I knew that pic would ruffle some feathers but didn't realize just how much lol. And yes I saw that bottle - obviously been there a while. The point of the pic is to prove that anglers do indeed litter and especially at points on the river with high public access. Take the rest however you want - especially since you already know how I feel.


----------



## garhtr

ML1187 said:


> I don't know man, I see a TON of fishing related trash...


 No fisherman left that
I Agree, that is fishing related trash but Owning a fishing rod and tackle box doesn't Necessarily make someone a "Fisherman"  IMO

Good luck and Good Fishing !


----------



## Cat Mangler

ML1187 said:


> I knew that pic would ruffle some feathers but didn't realize just how much lol. And yes I saw that bottle - obviously been there a while. The point of the pic is to prove that anglers do indeed litter and especially at points on the river with high public access. Take the rest however you want - especially since you already know how I feel.


Honestly, short of your obvious disdain for Vic Coomer lures, I don't understand how you feel. I'd presume this opinion as what other reason would you require for a close up shot of trash. But I do not understand the opinion of blaming anglers for the proportion of litter as you claim. 

Granted, I don't fish up north a lot like you and I can only attribute this thinking to not being where so much trash is washed out from urban areas. I mean, if you haven't seen a sewer outlet run hard after a dry spell, you have never been as horrified by trash as you could be man. But I don't take pictures, I take trash bags!

I mean give me crap about using Vic Coomer lures, or god forbid some Creek chubs, then whatever. But your insinuating that the users of these lures are the main contributors. And seems how you already admitted you thought it would rustle some feathers, it only goes to show that this was your intent. 

Apparently, because I only spend about 50-75 cents per lure instead of 2-4 dollars, my inferiority leaves me prone to litter?

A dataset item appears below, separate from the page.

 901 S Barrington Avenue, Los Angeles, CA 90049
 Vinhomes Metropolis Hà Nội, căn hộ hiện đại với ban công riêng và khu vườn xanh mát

What other conclusion was there to be drawn from that post man?


garhtr said:


> No fisherman left that
> I Agree, that is fishing related trash but Owning a fishing rod and tackle box doesn't Necessarily make someone a "Fisherman"  IMO
> 
> Good luck and Good Fishing !


I agree with this whole heartedly, and would only add that no decent human would litter, for that matter. You shouldn't have to be an "outdoorsman" to understand the issue, and it seems that it is only those "outdoorsmen" who promote this cause.


----------



## marv

Really now, go to the river under the beechmont levee in the summer and take a look around. night crawler, chicken liver containers, cheep tackle packaging, beer and pop cans and bottles. human crap on trails. not all fishermen are pigs but alot are.


----------



## afishinfool

ML1187 said:


> I knew that pic would ruffle some feathers but didn't realize just how much lol. And yes I saw that bottle - obviously been there a while. The point of the pic is to prove that anglers do indeed litter and especially at points on the river with high public access. Take the rest however you want - especially since you already know how I feel.





Cat Mangler said:


> Honestly, short of your obvious disdain for Vic Coomer lures, I don't understand how you feel. I'd presume this opinion as what other reason would you require for a close up shot of trash. But I do not understand the opinion of blaming anglers for the proportion of litter as you claim.
> 
> Granted, I don't fish up north a lot like you and I can only attribute this thinking to not being where so much trash is washed out from urban areas. I mean, if you haven't seen a sewer outlet run hard after a dry spell, you have never been as horrified by trash as you could be man. But I don't take pictures, I take trash bags!
> 
> I mean give me crap about using Vic Coomer lures, or god forbid some Creek chubs, then whatever. But your insinuating that the users of these lures are the main contributors. And seems how you already admitted you thought it would rustle some feathers, it only goes to show that this was your intent.
> 
> Apparently, because I only spend about 50-75 cents per lure instead of 2-4 dollars, my inferiority leaves me prone to litter? What other conclusion was there to be drawn from that post man?
> 
> I agree with this whole heartedly, and would only add that no decent human would litter, for that matter. You shouldn't have to be an "outdoorsman" to understand the issue, and it seems that it is only those "outdoorsmen" who promote this cause.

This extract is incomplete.